For our purposes, we will start with a storage system that
has 30 drives that are all 1 TB drives. It does not matter who the manufacturers
of the storage or drives are the concepts are all the same.
The first thing usually listed about a storage system is the Raw Capacity of
the system, this number is a function of how may physical drive the system
support, times the capacity of the drives used. It is simply the number
of drives time the drive capacity.
So for our example - 30 x 1 TB = 30TB
Now we start subtracting capacity for 3 main reasons, Hot
Spares, RAID Type and Drive Right Sizing.
A general rule of thumb is that, you should have at least 1
Hot Spare per 20 drives. So in this case
we would lose 2 drives for Hot Spares. So
now we are left with only being able to write data to 28 drives.
The next thing we need to consider is the RAID Type and RAID
Group Size, the RAID Group properties will vary by drive type and drive size,
but for this example we will create 2 - 14 drive RAID Groups using RAID 6.
Note: We will use RAID6,
because if a drive failure accrues the time it will take to rebuild the RAID
Group can take well up to 72 hours for the SATA drives.
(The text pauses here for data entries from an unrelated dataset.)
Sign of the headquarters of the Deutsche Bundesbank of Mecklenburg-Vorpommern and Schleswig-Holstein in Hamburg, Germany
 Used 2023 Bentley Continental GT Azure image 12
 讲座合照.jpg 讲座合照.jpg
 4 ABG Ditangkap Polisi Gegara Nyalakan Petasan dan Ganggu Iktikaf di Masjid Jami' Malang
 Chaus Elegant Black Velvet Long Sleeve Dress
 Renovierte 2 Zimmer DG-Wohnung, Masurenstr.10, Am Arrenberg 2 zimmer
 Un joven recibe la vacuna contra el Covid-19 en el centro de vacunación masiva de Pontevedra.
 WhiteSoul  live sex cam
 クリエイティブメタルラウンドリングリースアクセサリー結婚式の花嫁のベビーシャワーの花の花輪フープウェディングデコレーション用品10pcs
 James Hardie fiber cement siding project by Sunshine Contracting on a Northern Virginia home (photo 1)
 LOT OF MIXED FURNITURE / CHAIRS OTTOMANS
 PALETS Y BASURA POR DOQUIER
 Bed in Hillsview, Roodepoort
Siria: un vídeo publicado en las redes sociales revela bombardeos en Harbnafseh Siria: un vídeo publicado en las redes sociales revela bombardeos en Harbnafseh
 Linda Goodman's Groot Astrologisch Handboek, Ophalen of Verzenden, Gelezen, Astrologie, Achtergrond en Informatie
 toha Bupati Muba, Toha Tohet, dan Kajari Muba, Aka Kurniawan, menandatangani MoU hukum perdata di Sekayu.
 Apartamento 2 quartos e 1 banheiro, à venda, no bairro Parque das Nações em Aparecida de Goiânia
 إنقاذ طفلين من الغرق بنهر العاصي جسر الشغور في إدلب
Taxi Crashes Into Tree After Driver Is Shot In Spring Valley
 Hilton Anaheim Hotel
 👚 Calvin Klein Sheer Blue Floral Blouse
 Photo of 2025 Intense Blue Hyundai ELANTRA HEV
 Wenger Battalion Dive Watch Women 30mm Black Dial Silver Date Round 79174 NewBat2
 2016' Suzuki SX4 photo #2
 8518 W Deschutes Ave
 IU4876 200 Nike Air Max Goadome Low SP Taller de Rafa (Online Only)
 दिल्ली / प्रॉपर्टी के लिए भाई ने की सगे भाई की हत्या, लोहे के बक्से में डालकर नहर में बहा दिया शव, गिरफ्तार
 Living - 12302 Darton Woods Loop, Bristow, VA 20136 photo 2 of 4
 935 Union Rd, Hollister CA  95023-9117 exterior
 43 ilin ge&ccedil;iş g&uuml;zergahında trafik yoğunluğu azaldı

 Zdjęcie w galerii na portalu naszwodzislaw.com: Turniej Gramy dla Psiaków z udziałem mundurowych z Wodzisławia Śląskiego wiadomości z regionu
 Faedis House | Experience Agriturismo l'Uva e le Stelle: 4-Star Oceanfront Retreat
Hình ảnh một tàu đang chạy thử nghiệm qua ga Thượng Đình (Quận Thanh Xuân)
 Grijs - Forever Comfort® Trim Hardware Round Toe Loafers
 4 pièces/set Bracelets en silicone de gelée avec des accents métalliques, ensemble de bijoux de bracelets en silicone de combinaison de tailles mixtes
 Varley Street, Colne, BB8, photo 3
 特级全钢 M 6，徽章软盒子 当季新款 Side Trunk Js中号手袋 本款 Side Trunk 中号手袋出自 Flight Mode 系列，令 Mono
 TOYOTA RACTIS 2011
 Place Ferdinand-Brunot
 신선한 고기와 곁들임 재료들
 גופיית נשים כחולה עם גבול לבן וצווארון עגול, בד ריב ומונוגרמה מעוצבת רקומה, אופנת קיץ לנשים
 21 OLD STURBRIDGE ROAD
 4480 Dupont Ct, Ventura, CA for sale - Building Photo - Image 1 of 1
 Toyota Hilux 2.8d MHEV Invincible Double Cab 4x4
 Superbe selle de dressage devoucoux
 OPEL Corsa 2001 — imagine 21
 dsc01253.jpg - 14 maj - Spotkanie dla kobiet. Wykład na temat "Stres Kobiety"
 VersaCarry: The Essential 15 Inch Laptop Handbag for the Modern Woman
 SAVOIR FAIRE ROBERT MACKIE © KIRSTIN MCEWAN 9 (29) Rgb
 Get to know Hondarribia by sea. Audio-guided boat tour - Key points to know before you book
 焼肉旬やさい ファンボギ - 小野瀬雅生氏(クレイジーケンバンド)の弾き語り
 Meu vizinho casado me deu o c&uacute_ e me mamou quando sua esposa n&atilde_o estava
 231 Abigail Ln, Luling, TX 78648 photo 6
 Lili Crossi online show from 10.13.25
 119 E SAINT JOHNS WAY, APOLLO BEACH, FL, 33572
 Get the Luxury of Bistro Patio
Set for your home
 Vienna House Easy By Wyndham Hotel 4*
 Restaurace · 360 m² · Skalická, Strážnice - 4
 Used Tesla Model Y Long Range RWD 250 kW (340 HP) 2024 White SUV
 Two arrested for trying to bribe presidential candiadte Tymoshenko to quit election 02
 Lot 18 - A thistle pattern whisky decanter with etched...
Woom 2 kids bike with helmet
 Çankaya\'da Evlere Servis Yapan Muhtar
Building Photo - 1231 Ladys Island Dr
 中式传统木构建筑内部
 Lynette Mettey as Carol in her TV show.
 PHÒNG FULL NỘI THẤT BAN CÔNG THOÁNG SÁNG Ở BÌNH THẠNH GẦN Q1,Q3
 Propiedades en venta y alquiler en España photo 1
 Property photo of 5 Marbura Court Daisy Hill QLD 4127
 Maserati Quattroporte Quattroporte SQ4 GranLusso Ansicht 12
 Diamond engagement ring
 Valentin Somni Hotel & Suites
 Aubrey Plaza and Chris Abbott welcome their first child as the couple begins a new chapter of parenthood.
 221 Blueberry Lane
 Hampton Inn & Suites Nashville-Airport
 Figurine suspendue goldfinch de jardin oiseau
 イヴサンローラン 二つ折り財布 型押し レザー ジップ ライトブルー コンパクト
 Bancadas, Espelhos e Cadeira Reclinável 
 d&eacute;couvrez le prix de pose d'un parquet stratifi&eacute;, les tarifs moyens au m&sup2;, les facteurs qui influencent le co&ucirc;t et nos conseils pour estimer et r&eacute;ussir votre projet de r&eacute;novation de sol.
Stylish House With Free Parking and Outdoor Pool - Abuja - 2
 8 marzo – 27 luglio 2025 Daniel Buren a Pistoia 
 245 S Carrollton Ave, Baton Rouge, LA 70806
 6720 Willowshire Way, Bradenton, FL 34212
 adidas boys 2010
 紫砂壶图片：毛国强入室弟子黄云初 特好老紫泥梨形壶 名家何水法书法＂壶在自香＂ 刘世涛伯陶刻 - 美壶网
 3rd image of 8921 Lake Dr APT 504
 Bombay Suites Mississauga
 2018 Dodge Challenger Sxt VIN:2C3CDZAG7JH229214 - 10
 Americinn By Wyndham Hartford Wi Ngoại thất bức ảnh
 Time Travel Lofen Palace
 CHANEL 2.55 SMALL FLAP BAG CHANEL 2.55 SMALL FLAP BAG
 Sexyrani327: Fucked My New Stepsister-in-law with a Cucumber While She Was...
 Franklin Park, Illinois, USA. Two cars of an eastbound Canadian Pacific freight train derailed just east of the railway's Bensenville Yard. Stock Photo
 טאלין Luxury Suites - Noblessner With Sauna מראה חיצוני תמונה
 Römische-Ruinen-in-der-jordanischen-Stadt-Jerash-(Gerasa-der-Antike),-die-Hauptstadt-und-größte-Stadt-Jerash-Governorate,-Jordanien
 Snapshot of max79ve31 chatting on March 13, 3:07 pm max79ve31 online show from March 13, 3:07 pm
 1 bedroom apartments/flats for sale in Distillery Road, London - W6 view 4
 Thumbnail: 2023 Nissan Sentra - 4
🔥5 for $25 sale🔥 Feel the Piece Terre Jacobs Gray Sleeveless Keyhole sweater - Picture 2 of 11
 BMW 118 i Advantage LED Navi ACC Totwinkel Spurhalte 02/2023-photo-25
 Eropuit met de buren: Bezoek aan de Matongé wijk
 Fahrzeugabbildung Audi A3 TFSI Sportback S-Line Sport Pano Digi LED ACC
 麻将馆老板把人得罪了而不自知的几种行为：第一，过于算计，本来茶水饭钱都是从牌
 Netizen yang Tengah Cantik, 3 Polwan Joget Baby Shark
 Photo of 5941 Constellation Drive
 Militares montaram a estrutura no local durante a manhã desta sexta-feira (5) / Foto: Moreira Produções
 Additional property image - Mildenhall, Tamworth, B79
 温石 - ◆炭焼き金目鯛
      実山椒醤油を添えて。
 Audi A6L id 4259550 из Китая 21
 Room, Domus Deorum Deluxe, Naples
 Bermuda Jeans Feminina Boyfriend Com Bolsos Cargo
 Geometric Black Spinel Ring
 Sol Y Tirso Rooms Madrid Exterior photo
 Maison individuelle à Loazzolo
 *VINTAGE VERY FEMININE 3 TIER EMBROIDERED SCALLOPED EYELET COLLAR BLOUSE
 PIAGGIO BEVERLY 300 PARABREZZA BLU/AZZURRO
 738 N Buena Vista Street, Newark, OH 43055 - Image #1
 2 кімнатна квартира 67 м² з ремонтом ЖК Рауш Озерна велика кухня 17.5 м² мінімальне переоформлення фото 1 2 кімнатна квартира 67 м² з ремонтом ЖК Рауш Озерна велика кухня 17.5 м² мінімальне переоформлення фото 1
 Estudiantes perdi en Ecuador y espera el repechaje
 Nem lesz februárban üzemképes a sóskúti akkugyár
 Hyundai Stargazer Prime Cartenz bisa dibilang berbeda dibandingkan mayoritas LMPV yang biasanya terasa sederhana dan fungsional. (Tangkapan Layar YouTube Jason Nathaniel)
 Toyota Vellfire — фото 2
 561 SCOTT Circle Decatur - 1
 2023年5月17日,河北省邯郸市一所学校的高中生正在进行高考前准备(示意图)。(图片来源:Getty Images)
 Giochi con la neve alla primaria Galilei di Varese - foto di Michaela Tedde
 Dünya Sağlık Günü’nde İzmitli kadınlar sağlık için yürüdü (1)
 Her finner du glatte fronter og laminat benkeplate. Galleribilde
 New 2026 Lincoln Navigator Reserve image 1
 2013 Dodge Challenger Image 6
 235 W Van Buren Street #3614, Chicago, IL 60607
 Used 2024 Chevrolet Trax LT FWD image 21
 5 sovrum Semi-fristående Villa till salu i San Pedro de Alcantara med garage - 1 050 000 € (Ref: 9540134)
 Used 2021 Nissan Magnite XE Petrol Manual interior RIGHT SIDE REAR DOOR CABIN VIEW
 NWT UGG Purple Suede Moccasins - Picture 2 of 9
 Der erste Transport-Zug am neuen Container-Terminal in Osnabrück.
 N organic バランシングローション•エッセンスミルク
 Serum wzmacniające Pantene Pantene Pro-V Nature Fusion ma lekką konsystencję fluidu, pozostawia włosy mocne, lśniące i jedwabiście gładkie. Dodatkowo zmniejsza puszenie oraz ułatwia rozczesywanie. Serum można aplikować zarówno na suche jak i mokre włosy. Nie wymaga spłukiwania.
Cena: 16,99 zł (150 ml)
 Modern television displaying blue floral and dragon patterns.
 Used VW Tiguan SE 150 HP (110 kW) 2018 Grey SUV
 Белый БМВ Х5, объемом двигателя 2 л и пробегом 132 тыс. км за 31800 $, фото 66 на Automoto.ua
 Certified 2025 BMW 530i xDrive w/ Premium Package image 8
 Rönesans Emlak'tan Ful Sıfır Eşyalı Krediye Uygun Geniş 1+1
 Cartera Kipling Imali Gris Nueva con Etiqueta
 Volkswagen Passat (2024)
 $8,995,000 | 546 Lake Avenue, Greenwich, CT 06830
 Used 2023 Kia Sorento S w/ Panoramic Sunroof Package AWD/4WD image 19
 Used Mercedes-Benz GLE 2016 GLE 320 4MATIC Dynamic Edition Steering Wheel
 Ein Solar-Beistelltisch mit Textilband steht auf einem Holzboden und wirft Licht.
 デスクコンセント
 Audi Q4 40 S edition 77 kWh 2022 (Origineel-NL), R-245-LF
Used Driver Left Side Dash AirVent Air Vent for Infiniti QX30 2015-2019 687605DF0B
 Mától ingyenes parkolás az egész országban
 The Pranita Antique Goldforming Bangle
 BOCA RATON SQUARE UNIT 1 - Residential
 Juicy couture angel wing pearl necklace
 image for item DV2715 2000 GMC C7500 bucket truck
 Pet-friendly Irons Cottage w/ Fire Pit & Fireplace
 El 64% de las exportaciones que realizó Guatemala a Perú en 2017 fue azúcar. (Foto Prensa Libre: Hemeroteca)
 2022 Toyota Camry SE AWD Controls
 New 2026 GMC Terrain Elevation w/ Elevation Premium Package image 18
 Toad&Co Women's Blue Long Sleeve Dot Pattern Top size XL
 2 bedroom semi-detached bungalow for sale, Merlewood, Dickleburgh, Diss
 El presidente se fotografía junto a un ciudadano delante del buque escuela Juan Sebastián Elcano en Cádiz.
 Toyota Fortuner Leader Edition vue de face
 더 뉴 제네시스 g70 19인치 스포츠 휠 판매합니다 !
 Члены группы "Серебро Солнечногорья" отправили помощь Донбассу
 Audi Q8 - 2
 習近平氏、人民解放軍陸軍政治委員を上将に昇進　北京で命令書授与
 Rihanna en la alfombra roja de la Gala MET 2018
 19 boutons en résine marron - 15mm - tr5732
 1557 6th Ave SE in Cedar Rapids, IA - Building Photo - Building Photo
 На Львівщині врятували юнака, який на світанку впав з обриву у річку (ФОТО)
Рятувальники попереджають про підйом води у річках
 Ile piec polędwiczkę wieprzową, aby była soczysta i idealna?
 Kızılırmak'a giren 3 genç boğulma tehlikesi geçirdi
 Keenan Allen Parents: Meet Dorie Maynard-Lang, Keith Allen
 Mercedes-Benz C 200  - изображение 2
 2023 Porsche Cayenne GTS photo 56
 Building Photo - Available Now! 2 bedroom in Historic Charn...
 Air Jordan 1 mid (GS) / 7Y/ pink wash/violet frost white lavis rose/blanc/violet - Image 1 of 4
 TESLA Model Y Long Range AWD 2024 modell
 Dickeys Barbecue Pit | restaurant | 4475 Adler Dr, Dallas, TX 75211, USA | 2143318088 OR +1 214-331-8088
The potential of a double fault occurring
over that long of a period of time is too great a risk to allow the system to
be in a fault state that long. A
double fault means we lose the data permanently.
So for the example, we now lose another 4 drives for RAID considerations,
which now means we only can write data to 24 drives. So, by just
setting the system up we have lost 20% of its capacity.
Now we come to the concept of Drive Right Sizing.
In order for RAID to work all the drive in the RAID Group
must be the same size down to the byte level. I know the manufacturers of
the drive list the size in GB but in reality the drive may actually hold
slightly more or less space than the listed GBs for the drive. So in
order to deal with the drive size discrepancy issue, Right Sizing comes in to
play. Depending upon the storage manufacturer the amount of space
lost to Right Sizing is between 6% and 10% of the drives listed capacity.
So for this example let’s just choose a middle number of 8%.
That means that a 1TB drive after Right Sizing has 920GB of
actual writable capacity.
So now we have 24 drives at 920GB each leaving us with 22 TB
of usable capacity. Without even writing data to the storage system we
have lost 27% of the Raw Capacity just in set the system up.
Issue with application writing data to the storage
Now that the storage system is set up we have to deal with
the application and OS operation issues that arise as it writes data to the
storage.
If we created one drive from all the storage available after
setting the system up and filled it to 100% capacity, we could in essence store
22TB of data but that is not reality.
Best practices say you should not fill a drive much past 80%
of its capacity. This is so an application/OS can write new files in
continuous blocks thus minimizing disk fragmentation, which if allowed to
happen can cause major performance issues to the OS, application and to the
storage system.
So in our example, let’s be aggressive and say we will fill
the drives to 85% of its usable capacity. We our left with an end
capacity of 22TB x 85% or 18.7 TB for actual writable data and not knowingly cause
any performance issues.
That means that after all the setup consideration and
application concerns, we are left with approximately 62.3% of the Raw Capacity
as writable for data use.
There are a few other minor things that will affect the end
usable capacity by a percent or two in either direction, theses will depend upon
the storage system manufacturer, but for the most part they will have minimal
change on the overall outcome of being able to find out how much data we can
store on a system without doing complex math.
So at the end of the day if you want a rough approximation
of how much usable storage you can write date to, multiply the Raw Capacity by
60% or 65%. You will get a good
approximation of the usable capacity. I generally go with the 60% number
because it is a more conservative estimate and it takes into account some of
the minor factors that are too hard to predict as we slice and dice the storage
up.
As you can see, in this example we started with a system
that had 30TB of Raw Capacity but after setting it up and parsing it out, in
reality we can only store approximately 18 TB of data on it and still get
acceptable performance from the storage system.
And now you know, maybe more than you cared to know.